Making a difference in women and girls lives
In Kitui, Kenya we combined our approaches to maternal health and WASH to significantly improve the health of a community in need. To increase access to drinkable water, we trained water artisans, all of whom were women, to build and maintain not just one type of water infrastructure, but several types including: conventional wells, giant wells, boreholes, sub surface dams and rain water harvest tanks for the entire community to use. We also installed water tanks, hand washing stations and latrines at five health facilities in the district. Prior to the project, women who came to deliver their baby at the health facilities were forced to bring their own water because the health facilities did not have access to water on site. This caused most women to deliver their baby at home and to not attend check-ups during their pregnancy, increasing both mother and baby’s risk to complications like deadly infections during childbirth.
Read the stories of real people who have had their lives changed by Amref Health Africa:
In rural communities in Africa, some health facilities are so under-resourced that helping mothers give birth by the light of kerosene lamps, candles – and even the light from a mobile phone – is not completely unusual for a midwife. Take it from Mary Leonard Raphael, a midwife in Tanzania, which has one of the highest rates of maternal mortality (398 women die for every 100,000 live births): “Once, I was helping a mother deliver her baby in the middle of the night when the power went off. She was already in labor, so I had to keep going using only the light from my mobile. The lights might go out, but we’ve still got mobile phones. I had to keep pressing buttons on my phone just to illuminate the room. To complicate things further, the colleague who was helping me had to rush off and help another woman in labor. The baby became very tired and I had to resuscitate him when he arrived. Thankfully, both he and mother came through. Unfortunately, most women in Tanzania do not get to deliver their babies with a midwife like Mary, placing themselves and their children at a higher risk of complications, including death. This is why Amref Health Africa works to train more midwives and other health workers to prevent these needless deaths; midwives like Mary, who has always wanted to dedicate her life to saving mothers and their babies: “Being a midwife is all I’ve ever wanted to do. As a girl, I loved children and was fascinated by pregnancy. The first time I helped deliver a baby was frightening, though – all I knew of birth was what I’d heard from the labor wards and I got quite a shock. Luckily, the birth wasn’t complicated – which made it less traumatic for the mother, and for me too. That was 12 years ago. Since then, I’ve helped deliver hundreds of babies.”

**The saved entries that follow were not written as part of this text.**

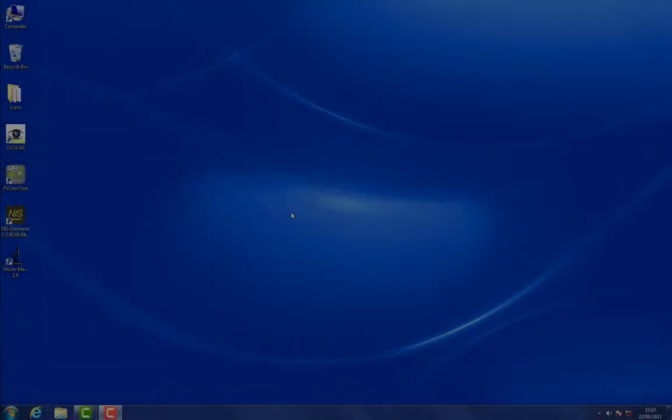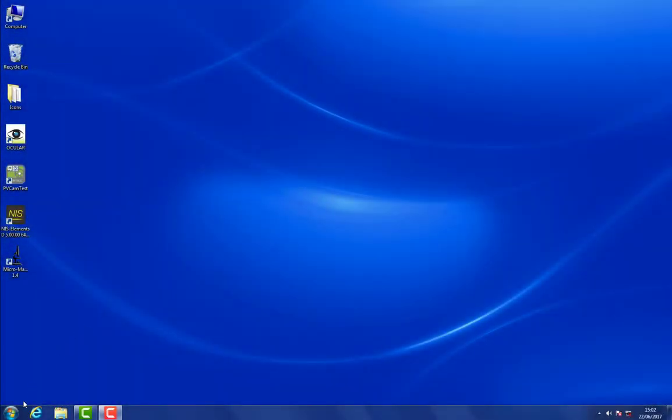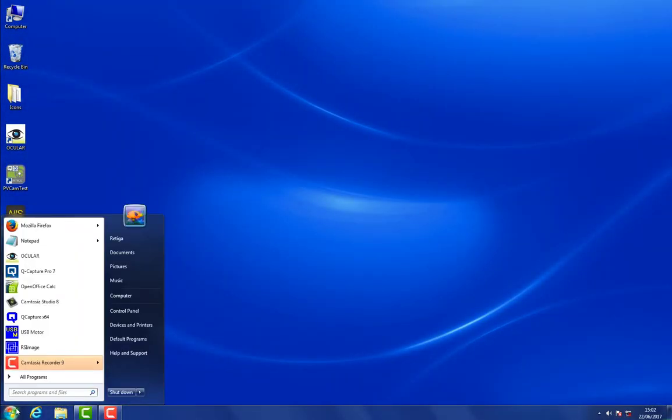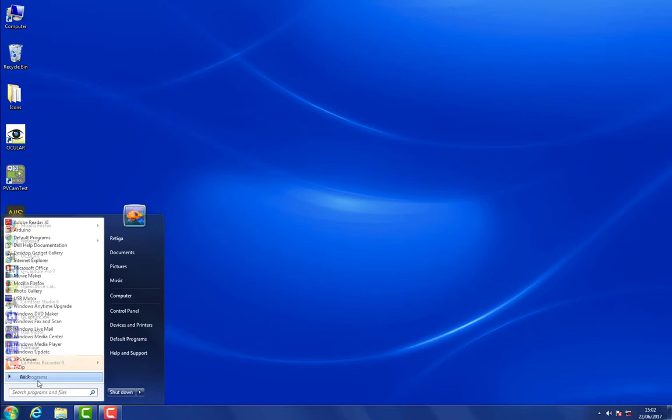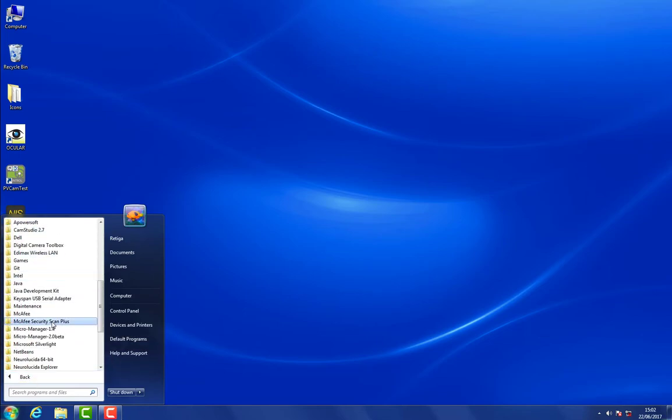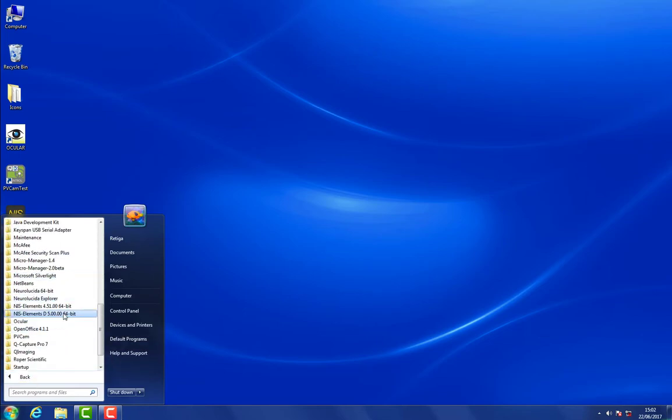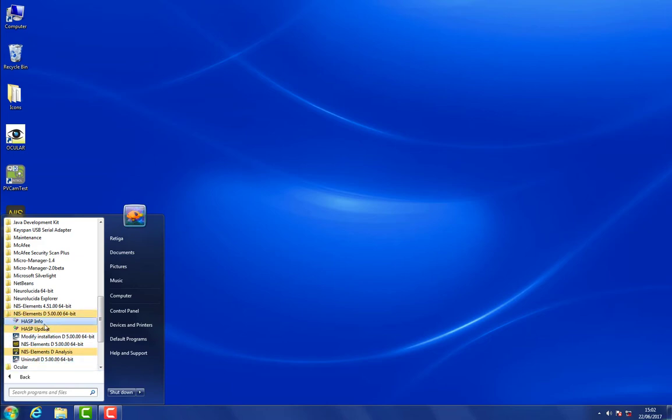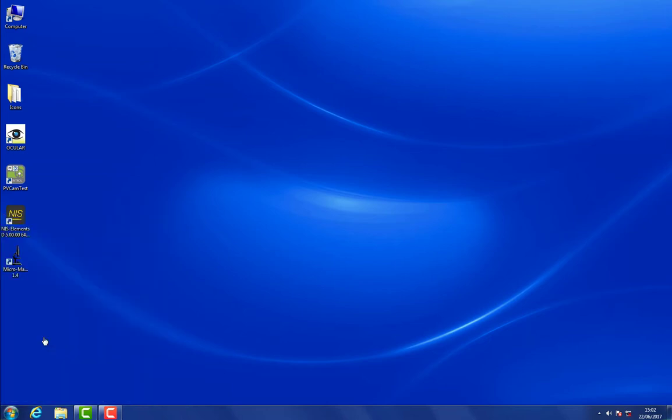So the cameras are running fine, we can add them into Elements. Now we want to go back to the Start Menu to find our Nikon Elements folder. What we want to do is modify the installation to make sure that our Photometrics drivers are included in our Nikon Elements installation.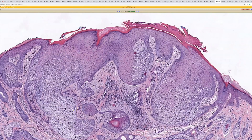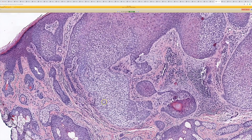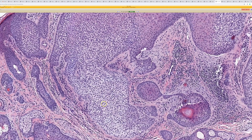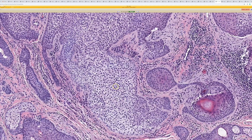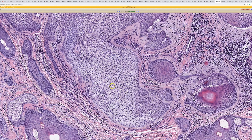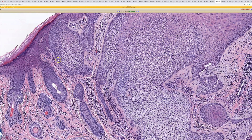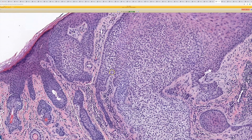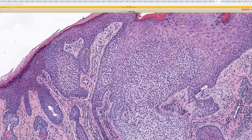What you want to find ideally is clear or pale cell change. This is a really good example — sometimes it is not so obvious. This represents outer root sheath differentiation. And you can see palisading of the basal keratinocytes, just like you'd see in the outer root sheath of a hair follicle.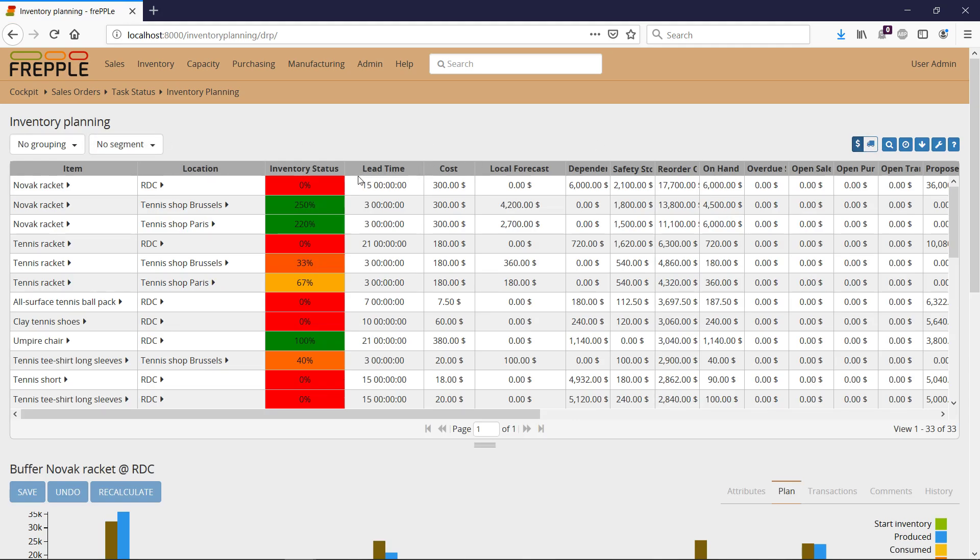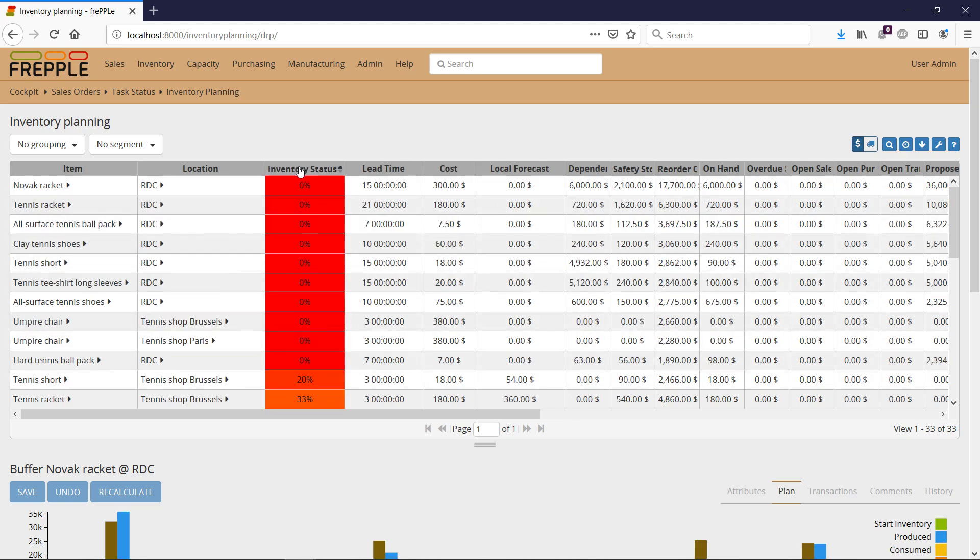So I have all my item location in this table. Then I need to sort by inventory status and we see here that all the 0% are the item location combination for which I'm about to face a stockout because in one lead time from now, I will have 0% left of the safety stock. So stockout.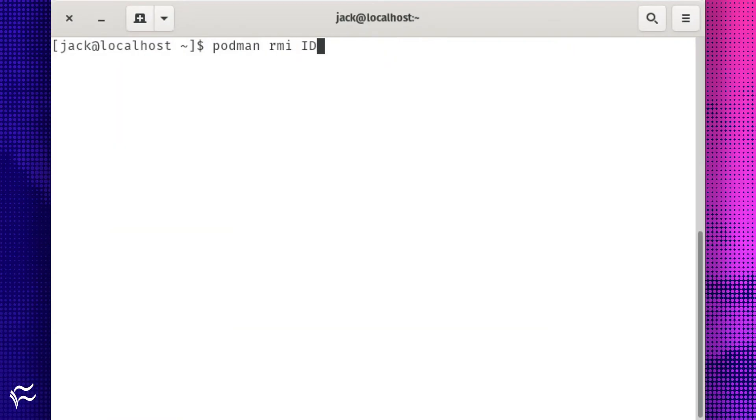To delete an image, you do so using the image ID, just like you do with the Docker runtime. Issue the command podman rmi id, where id is the id of the image to be deleted.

Growing up as a Maasai girl was not easy for me. To be honest, it’s a man’s world. Girls and women are to be seen, but definitely not heard. We are a proud people…proud of our traditions and our identity. Yet, in the process of preserving our culture, we have embraced a system that denies women basic human rights: the right to control her body, the right to an education, to choose to whom and when to marry, and the right to express an opinion. Female genital cutting, although illegal, is commonplace. Girls as young as 10 or 12 are being cut, taken out of school, and married. I too, would have been one of those girls. If it were not for a series of events that changed my life. When I was only eight years old, my world was shattered when my parents were devastatingly ripped away from me. Whispers and rumors hinted at a mysterious disease. But I was told nothing. I was eight years old and my life had changed forever. Everything I knew was gone. My home, my security. But, surprising as it may seem, every dark cloud has a silver lining. Not belonging to a family actually offered me an escape from forceful genital cutting. Sure, my Uncle tried to organize it, to literally beat me into submitting to the cut, but I resisted. I ran away. I listened to that spark of determination that had already started burning in my heart.
It doesn’t rain much here in my village of Oikiloriti in southern Kenya. There are no permanent rivers, so each day is a big challenge to find enough water for washing, cooking and our cattle. My name is Elisa. I am 13 years old and a member of the Maasai, a nomadic tribe who live in southern Kenya and northern Tanzania. My day begins at 5:30am when I wake up to a gurgling sound, as my mother fills a jerry can with our morning water for bathing and breakfast. I get out of bed, wash up, get dressed and help with breakfast. I live in a mud hut in a ‘boma’, a little village of huts surrounded by a fence made of thorn branches. Of course we have no water taps at home, so we must go and fetch water from the nearby community water source. As I get ready for school, my mother loads the donkeys with empty jerry cans. On school days, she gets the water, but on weekends, it’s my chore to get it with my older sister-in-law and the donkeys of course. I’m not allowed to get water alone – it’s too dangerous. I remember when it was so much harder to get water. I had to spend hours every day fetching water from the small far off lakes. And the water wasn’t even clean – often it actually made us sick. I remember at that time that our ugali, the white Kenyan maize porridge, was always very brown from the dirty water.